The website might be a little bit low-tech, but the selection is very good. The inventory is a mix of old and very old, and reflects the passion founder and owner Tom Joyal has for craftsmanship. Be sure to visit the brick-and-mortar location, a 11,000-square-foot freight warehouse dating back to 1872 that also functions as a museum of salvage.
Hinge Vintage Hardware, 1506 N. Orange Blossom Tr. Orlando, FL 32804
You can find a pristine Bakelite pull or midcentury bails at this well-stocked shop. The finds here are truly impeccable, with 80-90% of inventory consisting of new old stock and basically all eras represented (all the way back to the 1700s). Only a fraction of the shop’s inventory is online, so definitely make plans to visit in person.

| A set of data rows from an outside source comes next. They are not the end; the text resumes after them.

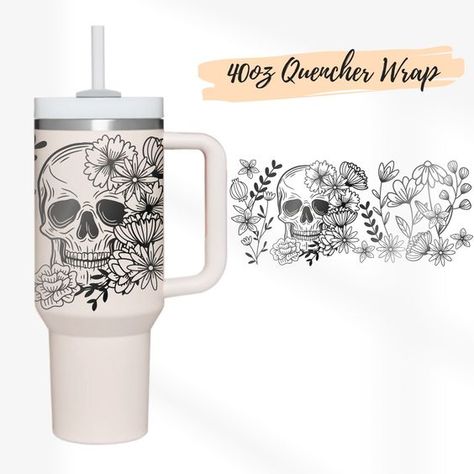 2 Designs 40oz Quencher Stanley wrap Tumbler Skull Floral with Butterfly Svg, Hallween Skull SVG | 40 oz SVG Cricut Silhouette Template 40 Oz Sublimation Tumbler Ideas, Circut Tumbler Designs, 40 Oz Tumbler With Handle Ideas, Svg Cup Ideas, Tumbler Wrap Svg Free, Stanley Cup Wrap Svg, 40 Oz Sublimation Tumbler, Stanley Cup Cricut Design, 40oz Tumbler Wrap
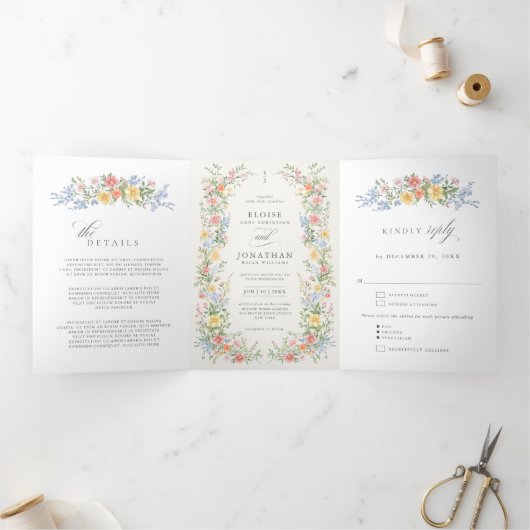 Soft Pastel Ornate Spring Garden Wedding invite Drieluik Programma (Binnen)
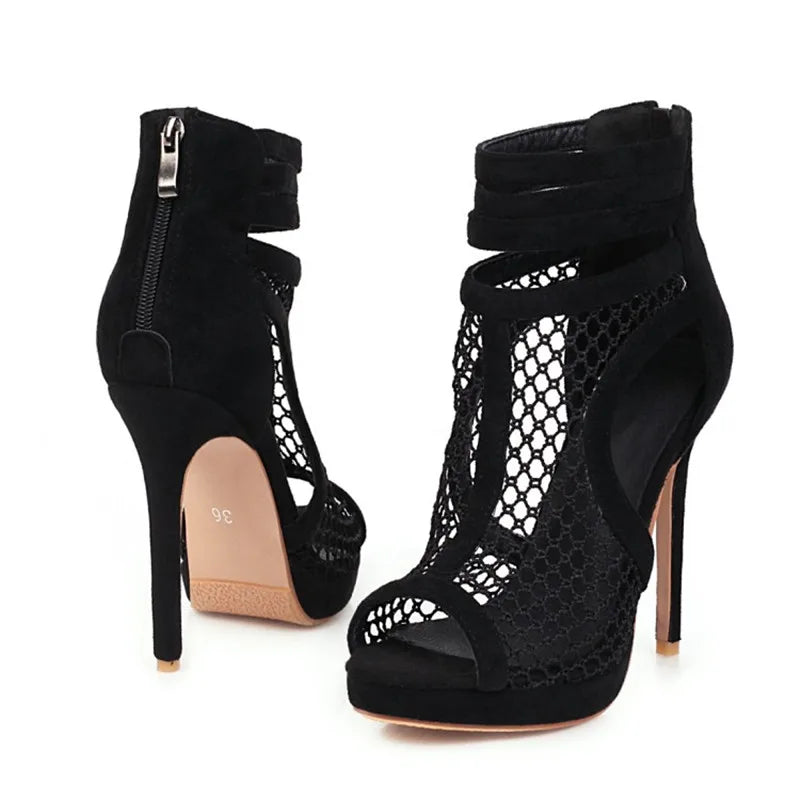Peep Toe Mesh Sandals Women Sexy Summer Shoes Breathable Cool Party Dance Shoes High Heel Ankle Boots For Women Large Size 45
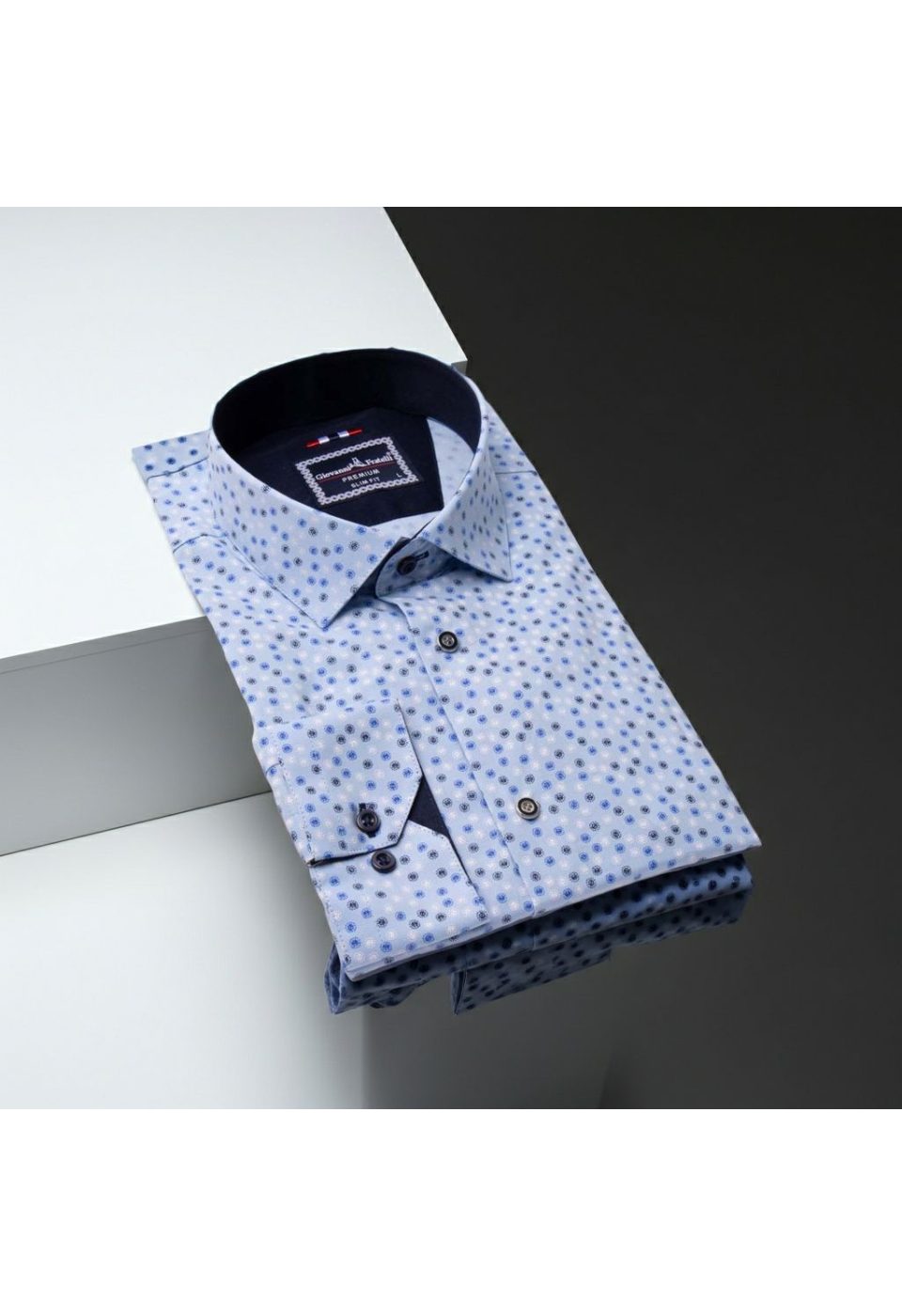 Slim Fit Uzun Kol Desenli Erkek Gömlek 3GMK321227002 - Giovanni Fratelli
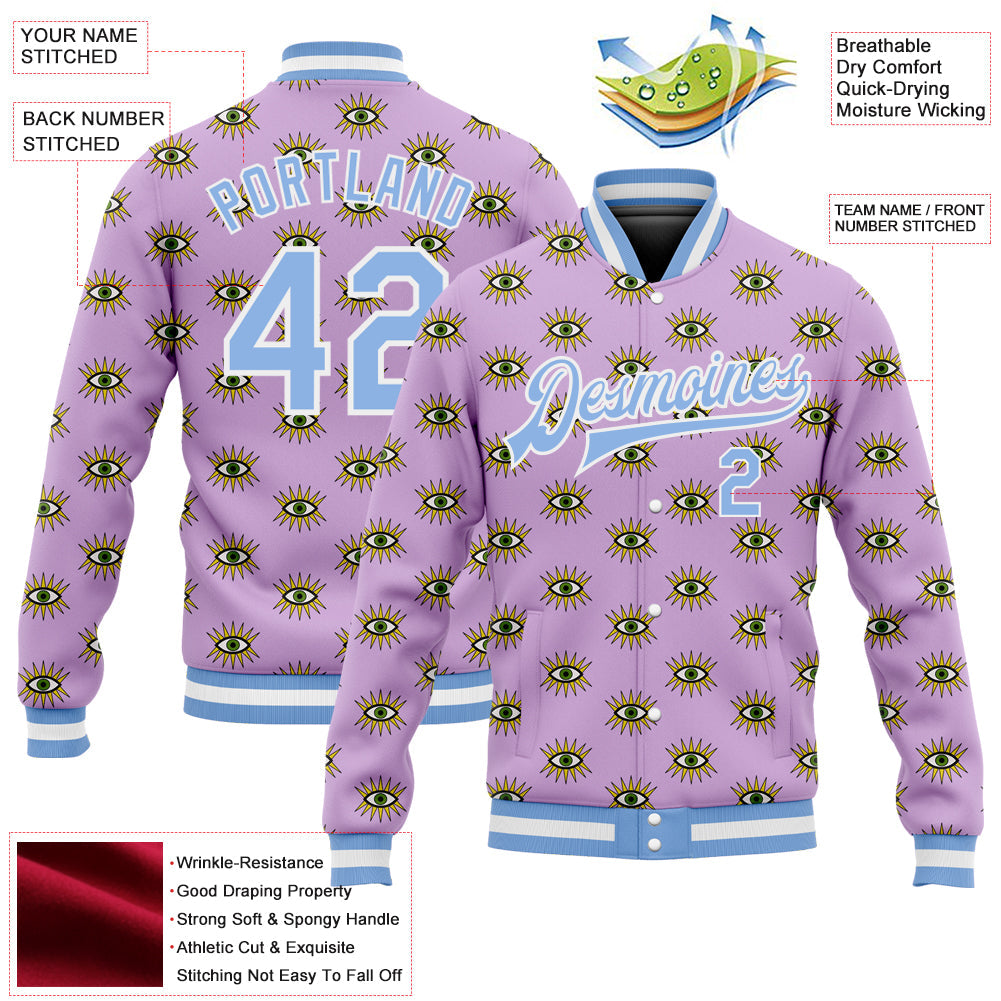Custom Light Purple Light Blue-White Evil Eyes 3D Pattern Design Bomber Full-Snap Varsity Letterman Jacket view 5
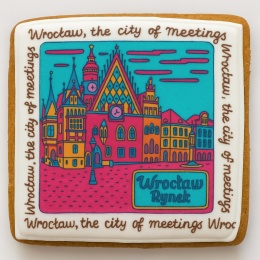 Ciastko lukrowane KAMIENICE WROCŁAW COLORS KWADRAT No.111 roz.XL ręcznie robione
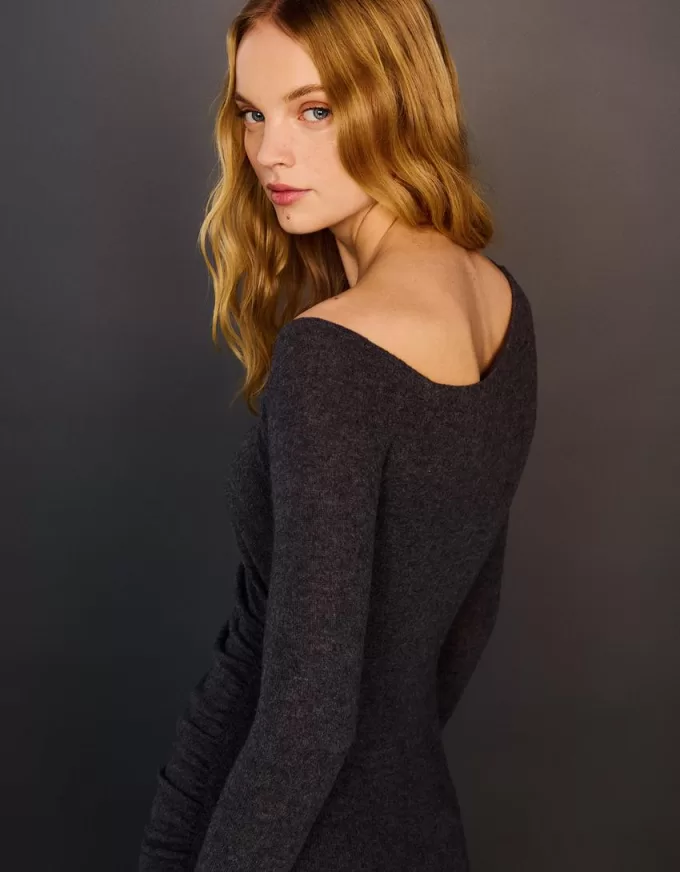 Soft touch mini dress with an asymmetric neckline Soft touch mini dress with an asymmetric neckline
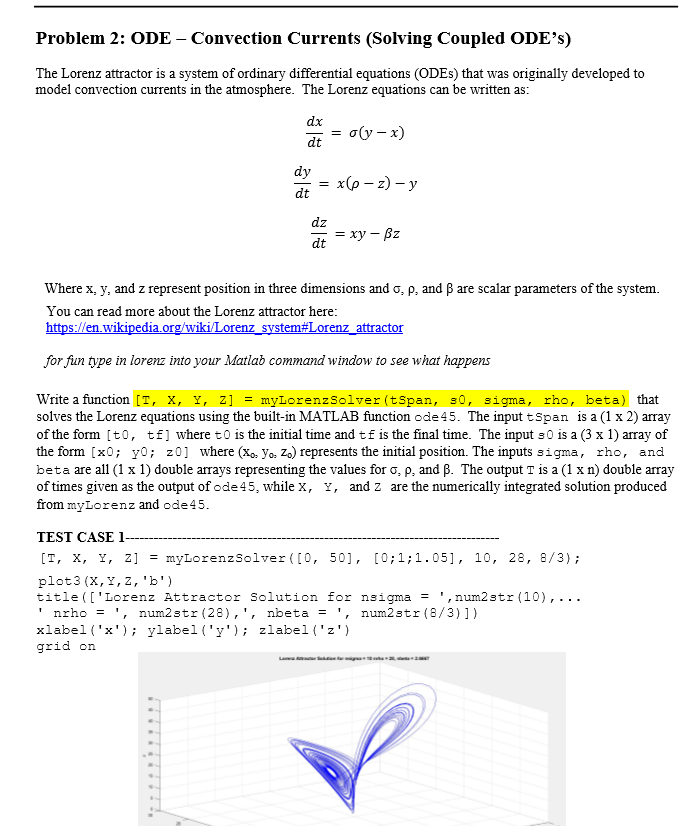 Solved Problem 2: ODE Convection Currents (Solving Coupled | Chegg.com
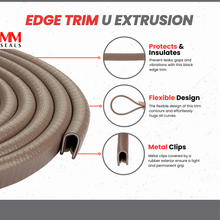 Load image into Gallery viewer, Brown Car Door Protector U Shape - Edge Trim - Door Edge Guard - Black Car Guards - and Protective Strip for Car Door Entry and Protection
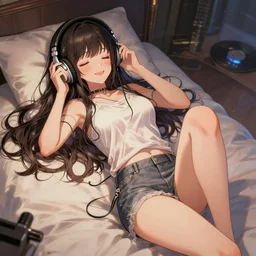 full body portrait of a photorealistic anime girl, absurdly beautiful, gorgeous, youthful, smiling, eyes closed, listening to music on headphones, laying down on a bed, an ultrafine hyperdetailed illustration by loish, ross tran, ilya kuvshinov, intricate linework, ambient lighting, musical environment, global illumination, trending on pivix fanbox.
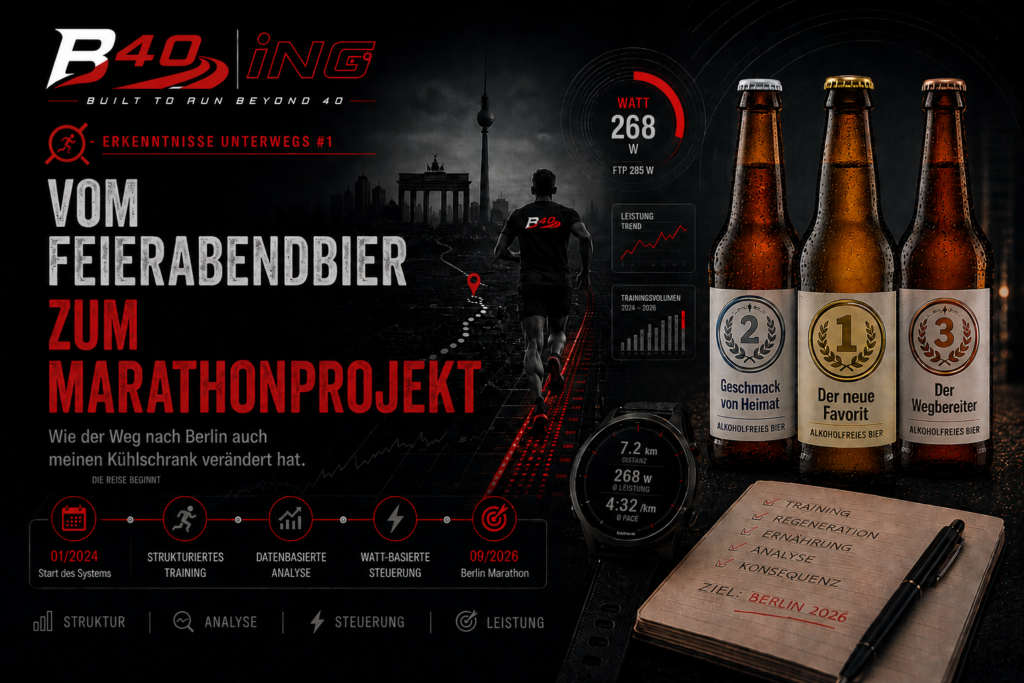 Titelbild zum Artikel „Vom Feierabendbier zum Marathonprojekt“ aus der Rubrik „Erkenntnisse unterwegs“ von Beyond 40 Running. Zu sehen sind ein Läufer auf dem Weg Richtung Berlin, Trainingsdaten und drei alkoholfreie Biere als Symbol für veränderte Alltagsentscheidungen.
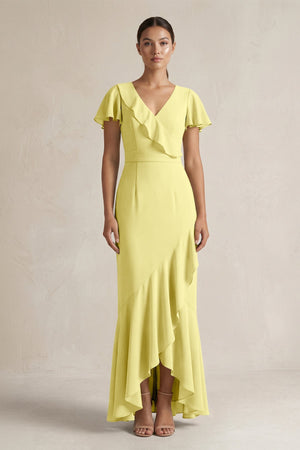 Rufffled V - Neck Sheath Chiffon Bridesmaid Dress in Buttercup - SHE IS ME Bridesmaid Dresses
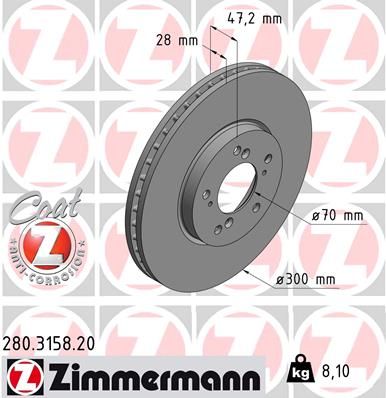 ZIMMERMANN 280.3158.20 Brake Disc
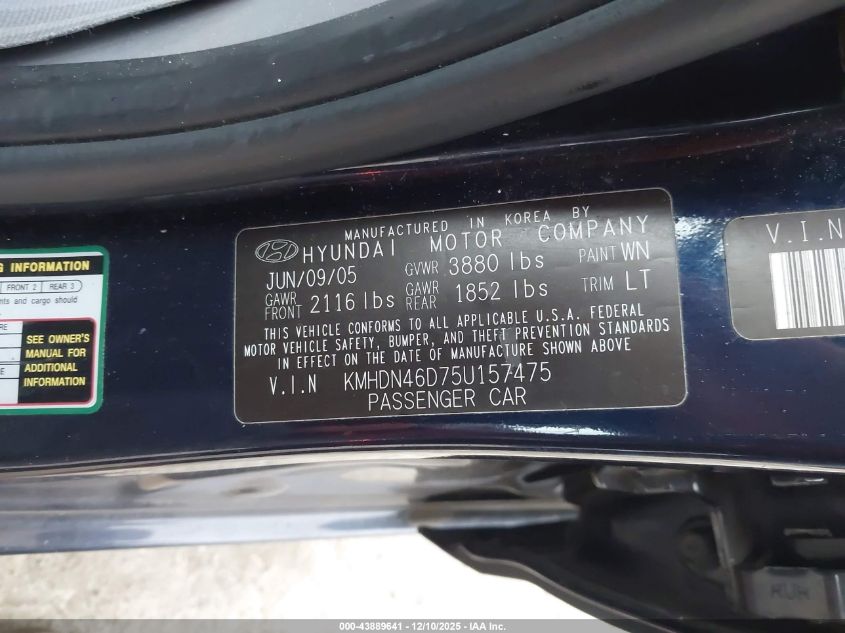 2005 Hyundai Elantra Gls/Gt VIN: KMHDN46D75U157475 Lot: 43889641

Select pieces are also available on Hinge’s Etsy shop.
From humble wood knobs to elegant opalescent glass, there’s something for everyone at this website. While there are new pieces on the site, the antique category is well-defined. What we also like about Historic House Parts is that there are many budget-friendly options to be found, especially when buying knobs as a set.
Though it’s a no-frills website, a little patience yields you plenty of treasures at this online shop. The selection ranges from 1680-1925, with every purchase guaranteed to be authentically old. The customer service is also thoughtful, with the company going as far as to help you match hardware to your antique furniture.
Architectural salvage has been a specialty of this DC standby since 1981. While you don’t have the ability to make immediate purchases through their website, you can search the inventory (the selection is primarily focused between 1870-1940) and give them a call to complete your purchase.
25,000-square-feet of vintage and antique finds await you at this warehouse, which has everything from giant early American solid bronze bells to servant call boxes from 1905. As far as hardware goes, the assortment is eclectic but seemingly focused on the late-19th and early-20th century. If you can’t make it up to Minneapolis, shop online through their website or via Etsy.
The online outpost of this Los Angeles shop offers a mix of antique, vintage, reproduction and contemporary pieces. The website does have a good selection, though it does require a bit of patience to navigate. While you’re browsing, take a peek at the gorgeous lighting options.